Every line of the data below needs to be reproduced exactly.

Provided records:
☆ ☆ ☆ ☆ ☆

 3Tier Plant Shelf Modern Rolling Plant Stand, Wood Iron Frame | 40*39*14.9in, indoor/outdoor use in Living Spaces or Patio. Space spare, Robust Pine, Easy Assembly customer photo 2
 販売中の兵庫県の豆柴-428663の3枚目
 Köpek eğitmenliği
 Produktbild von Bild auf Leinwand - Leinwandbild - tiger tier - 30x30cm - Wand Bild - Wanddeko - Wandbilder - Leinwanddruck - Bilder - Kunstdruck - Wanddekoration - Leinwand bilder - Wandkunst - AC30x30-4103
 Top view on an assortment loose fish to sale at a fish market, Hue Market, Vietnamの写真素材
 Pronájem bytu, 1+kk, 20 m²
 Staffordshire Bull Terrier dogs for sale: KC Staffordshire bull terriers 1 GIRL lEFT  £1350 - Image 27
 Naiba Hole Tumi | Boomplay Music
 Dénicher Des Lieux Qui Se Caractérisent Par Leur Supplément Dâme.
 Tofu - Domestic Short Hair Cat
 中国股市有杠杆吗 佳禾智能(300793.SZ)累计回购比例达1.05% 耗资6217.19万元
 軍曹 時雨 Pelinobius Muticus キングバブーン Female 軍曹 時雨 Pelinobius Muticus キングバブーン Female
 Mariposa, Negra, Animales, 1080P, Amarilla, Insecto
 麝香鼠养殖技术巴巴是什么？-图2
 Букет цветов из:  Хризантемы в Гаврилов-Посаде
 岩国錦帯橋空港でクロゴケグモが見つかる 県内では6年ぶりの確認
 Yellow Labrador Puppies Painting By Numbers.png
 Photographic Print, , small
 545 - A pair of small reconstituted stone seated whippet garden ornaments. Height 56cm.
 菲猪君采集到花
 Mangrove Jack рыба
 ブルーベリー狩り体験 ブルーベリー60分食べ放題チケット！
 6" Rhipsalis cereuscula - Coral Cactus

☆ ☆ ☆ ☆ ☆

Written solution:
 3Tier Plant Shelf Modern Rolling Plant Stand, Wood Iron Frame | 40*39*14.9in, indoor/outdoor use in Living Spaces or Patio. Space spare, Robust Pine, Easy Assembly customer photo 2
 販売中の兵庫県の豆柴-428663の3枚目
 Köpek eğitmenliği
 Produktbild von Bild auf Leinwand - Leinwandbild - tiger tier - 30x30cm - Wand Bild - Wanddeko - Wandbilder - Leinwanddruck - Bilder - Kunstdruck - Wanddekoration - Leinwand bilder - Wandkunst - AC30x30-4103
 Top view on an assortment loose fish to sale at a fish market, Hue Market, Vietnamの写真素材
 Pronájem bytu, 1+kk, 20 m²
 Staffordshire Bull Terrier dogs for sale: KC Staffordshire bull terriers 1 GIRL lEFT  £1350 - Image 27
 Naiba Hole Tumi | Boomplay Music
 Dénicher Des Lieux Qui Se Caractérisent Par Leur Supplément Dâme.
 Tofu - Domestic Short Hair Cat
 中国股市有杠杆吗 佳禾智能(300793.SZ)累计回购比例达1.05% 耗资6217.19万元
 軍曹 時雨 Pelinobius Muticus キングバブーン Female 軍曹 時雨 Pelinobius Muticus キングバブーン Female
 Mariposa, Negra, Animales, 1080P, Amarilla, Insecto
 麝香鼠养殖技术巴巴是什么？-图2
 Букет цветов из:  Хризантемы в Гаврилов-Посаде
 岩国錦帯橋空港でクロゴケグモが見つかる 県内では6年ぶりの確認
 Yellow Labrador Puppies Painting By Numbers.png
 Photographic Print, , small
 545 - A pair of small reconstituted stone seated whippet garden ornaments. Height 56cm.
 菲猪君采集到花
 Mangrove Jack рыба
 ブルーベリー狩り体験 ブルーベリー60分食べ放題チケット！
 6" Rhipsalis cereuscula - Coral Cactus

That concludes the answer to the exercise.